*WHAT YOU WILL DO:* Drop the pictures, then extract the listing word for word.

*STORED DATA:*
BEGIN

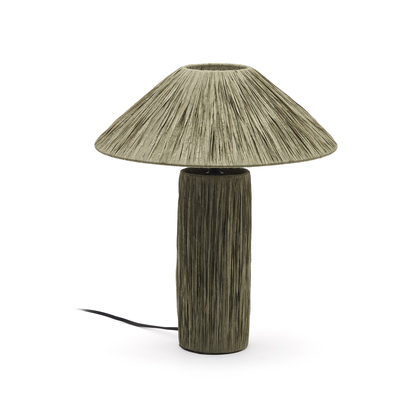 Samse table lamp in green raffia UK adapter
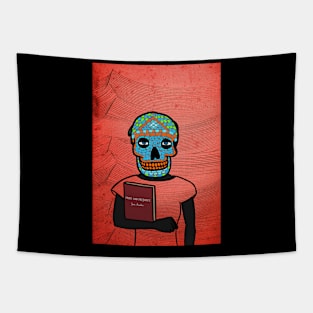 Edgy WTF Digital Collectible - Character with FemaleMask, MexicanEye Color, and BlueSkin on TeePublic Tapestry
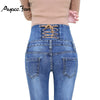Autumn Spring Jeans Womens High Waist Elastic Skinny Denim Long Pencil Pants Back Cross Woman Jeans Camisa Feminina Trousers
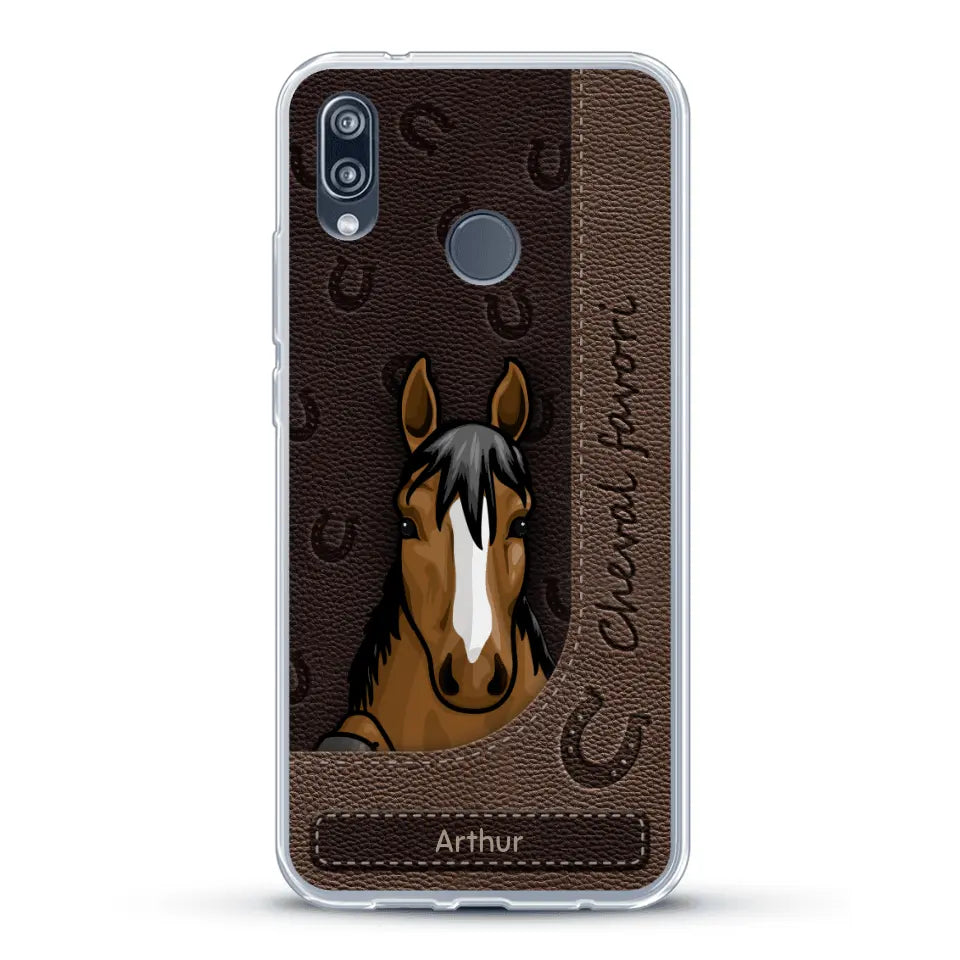 Chevaux curieux aspect cuir - Coque de téléphone personnalisée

END

*EXERCISE SOLUTION:*
 Samse table lamp in green raffia UK adapter
 Edgy WTF Digital Collectible - Character with FemaleMask, MexicanEye Color, and BlueSkin on TeePublic Tapestry
Autumn Spring Jeans Womens High Waist Elastic Skinny Denim Long Pencil Pants Back Cross Woman Jeans Camisa Feminina Trousers
 Chevaux curieux aspect cuir - Coque de téléphone personnalisée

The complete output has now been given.